Having decided to go ahead with surgery, you will be referred to Joint School. At this session you will meet members of the multidisciplinary team including therapists and pain team nurses who will talk to you about the procedure and what to expect before, during and after surgery.

You will also be given a date to attend the pre-operative assessment clinic. At the pre-operative assessment, the team have the opportunity to make sure you are medically fit for the anaesthetic and the operation.

They will review your medications, so please bring these with you. If you are taking blood thinning medications (such as aspirin, clopidogrel or warfarin) they will need to be stopped a few days before your surgery and you will be given special instructions regarding this.

In the clinic your blood pressure will be checked, you will have blood tests, have swabs taken to look for MRSA and it may be necessary to listen to your chest and do a tracing of your heart (ECG).

Once cleared by the pre-operative assessment team we will be able to proceed with your surgery.

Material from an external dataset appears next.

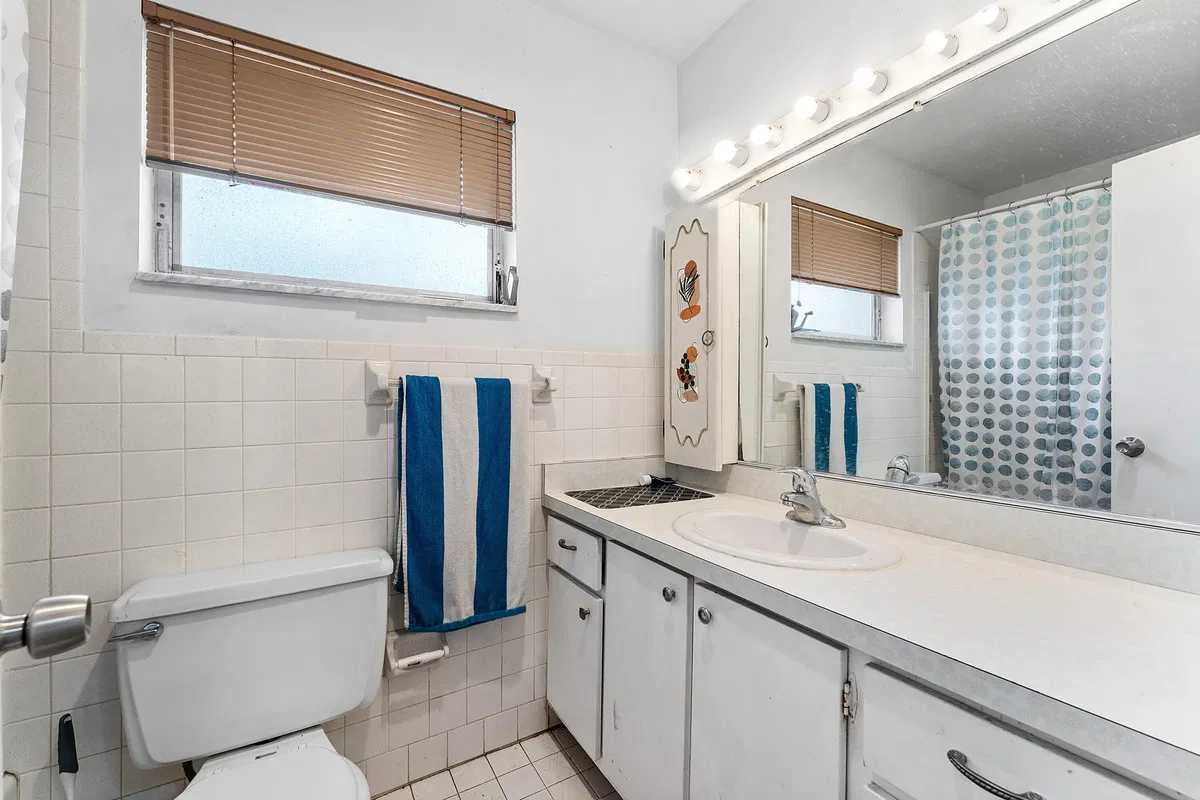 Residence photo 19
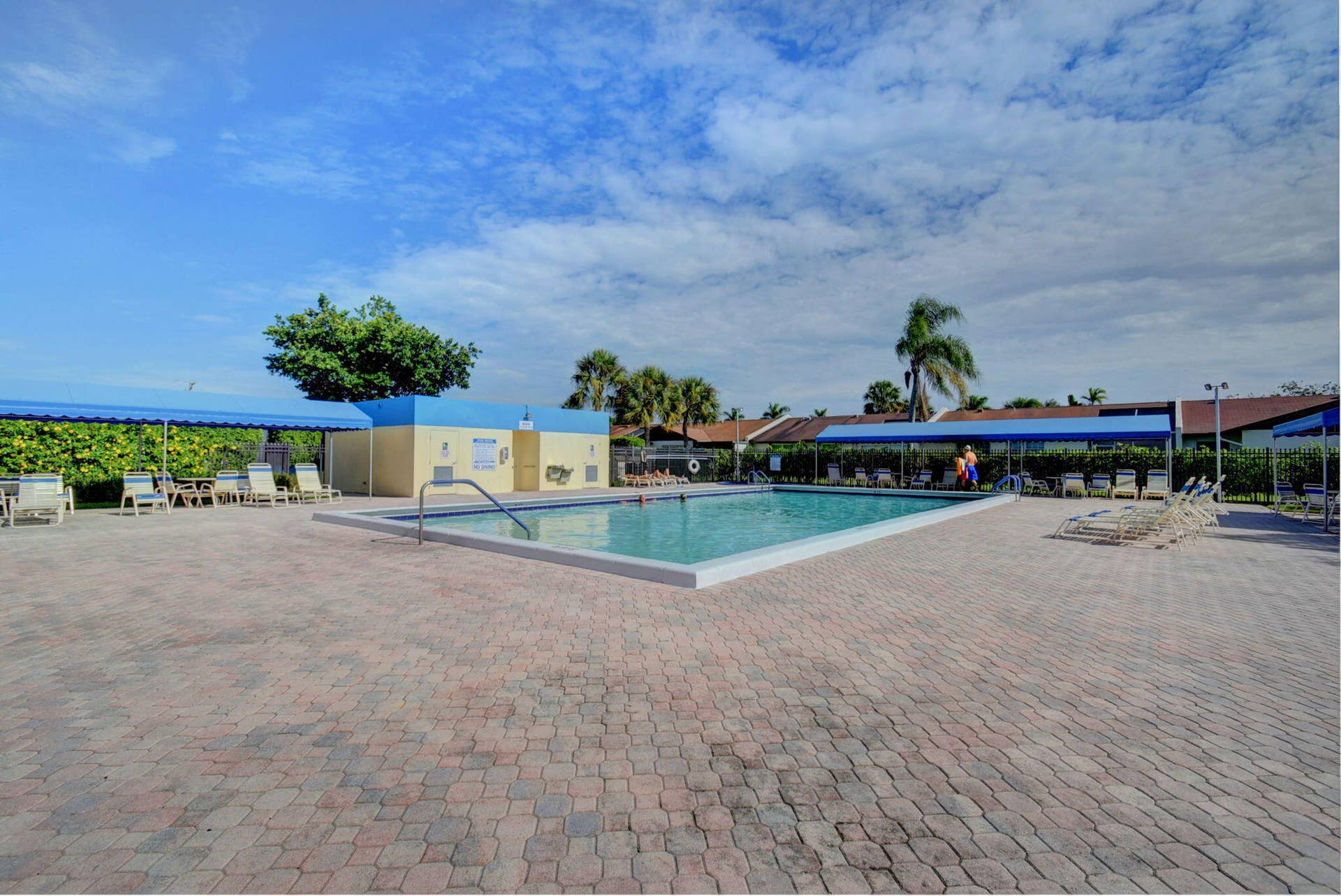 5340 Las Verdes Circle, #208, Delray Beach, FL 33484 48-web-or-mls-LV (2)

Self Isolation to protect from COVID-19

In order to protect yourself, and all patients and staff within the hospital it is vital that everyone within the hospital environment is COVID negative. Pre-operative patients will therefore need to self-isolate for 14 days before their surgical date and you will be screened to confirm that you do not have any symptoms of coronavirus (flu-like symptoms, cough, fever, sore throat, muscle aches, loss of sense of taste and smell). You will also have throat and nose swabs sent to confirm that you are Coronavirus antigen negative. For more information on self-isolation see FAQ Self-Isolation- what does it mean?

Day Before

To reduce the risk of infection all patients should have a shower or bath at home before surgery. Patients are advised to remove hair from the surgical site and not to apply moisturisers/oils/creams/lotions 48 hours prior to surgery.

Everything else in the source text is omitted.